Beacham turned to Elise with a cordial expression and offered his hand. "Miss Brooks. I've heard a great deal about you."
"How kind," Elise replied.
Martin had placed Mr. Beacham directly across from Elise, and he was better company than most of the men Martin had brought home. He did not work too hard at charm. He asked Elise questions that were courteous rather than calculated, and when she answered he actively listened to the answers rather than waiting for them to end. He had opinions about the shipping routes along the Lemoyne coast and expressed them without requiring agreement. He had recently been to Paris and spoke of it without ostentation.
Dorothy kept the conversation moving with the ease of long practice. She asked Mr. Beacham about the bank. She asked after mutual acquaintances. She steered the supper with a light, invisible hand and she did it so well that a person not paying close attention might not have noticed the steering at all.
Elise paid close attention.
Margaret’s boys were brought down after dessert, paraded around the room like a miniature sideshow. Louis came first, in his good clothes, and made the small bow. Marcel followed in the nurse's arms, largely indifferent to the proceedings, one fist wrapped around a powder blue wool blanket.
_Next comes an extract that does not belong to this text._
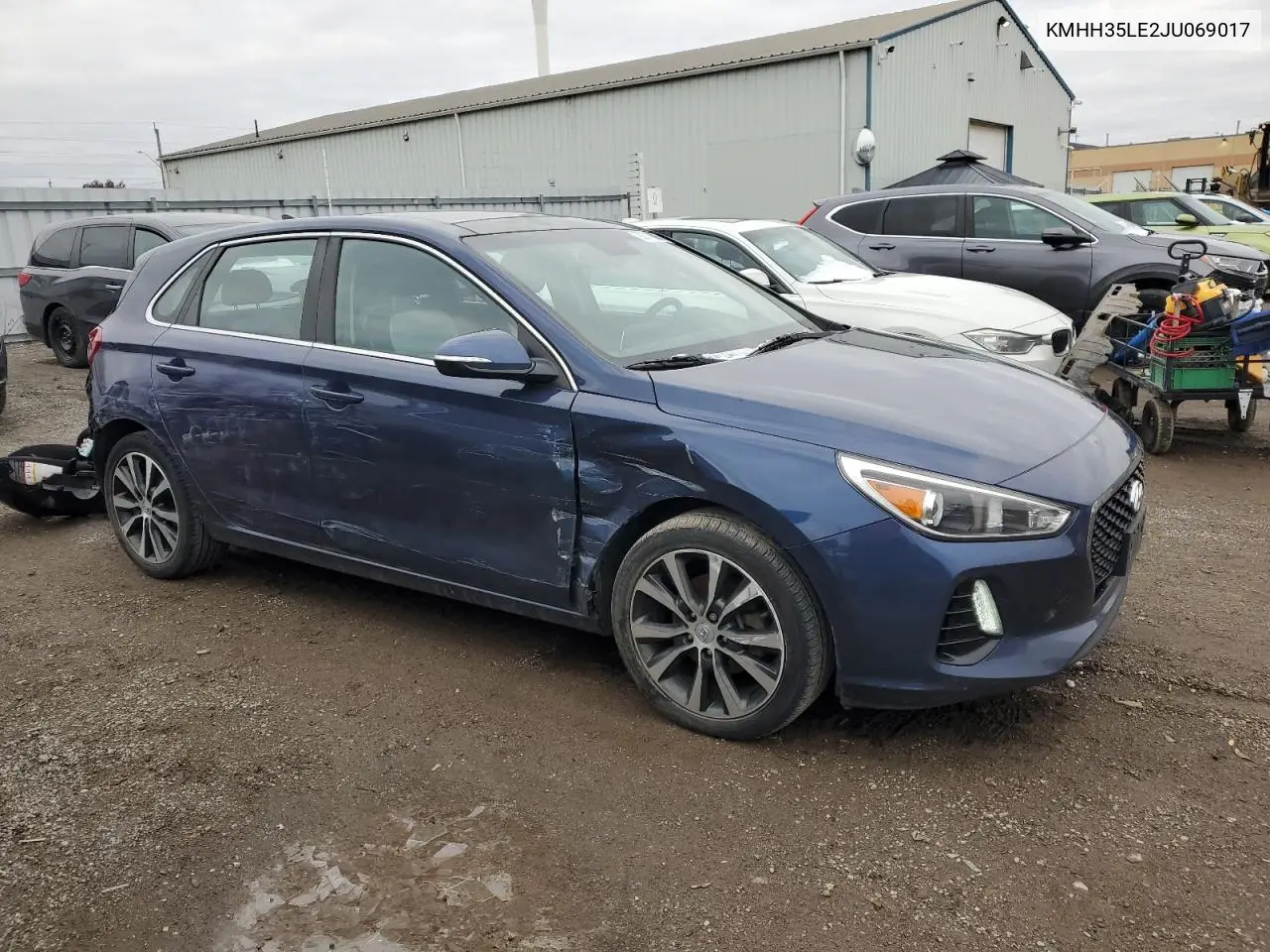 KMHH35LE2JU069017 2018 Hyundai Elantra Gt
Beacham was polite to Louis and clearly charmed by young Marcel. He asked Louis a question about his lessons, which Louis answered with careful accuracy, and the table applauded the response with the warmth the occasion seemed to demand.
Then Mr. Beacham turned to Margaret, who sat with her hands folded and her back straight while she watched the boys with an intense gaze, as if willing them to behave. “Mrs. Fonterot, you’ve been blessed. You would have made King Henry VIII a very happy husband indeed.”
Margaret’s lips curled into a polite smile but Elise could see the unease in her eyes. Martin laughed heartily while the nurse ushered the two boys back up the stairs. She could feel Mr. Beacham’s gaze linger on her for a period that exceeded appropriate.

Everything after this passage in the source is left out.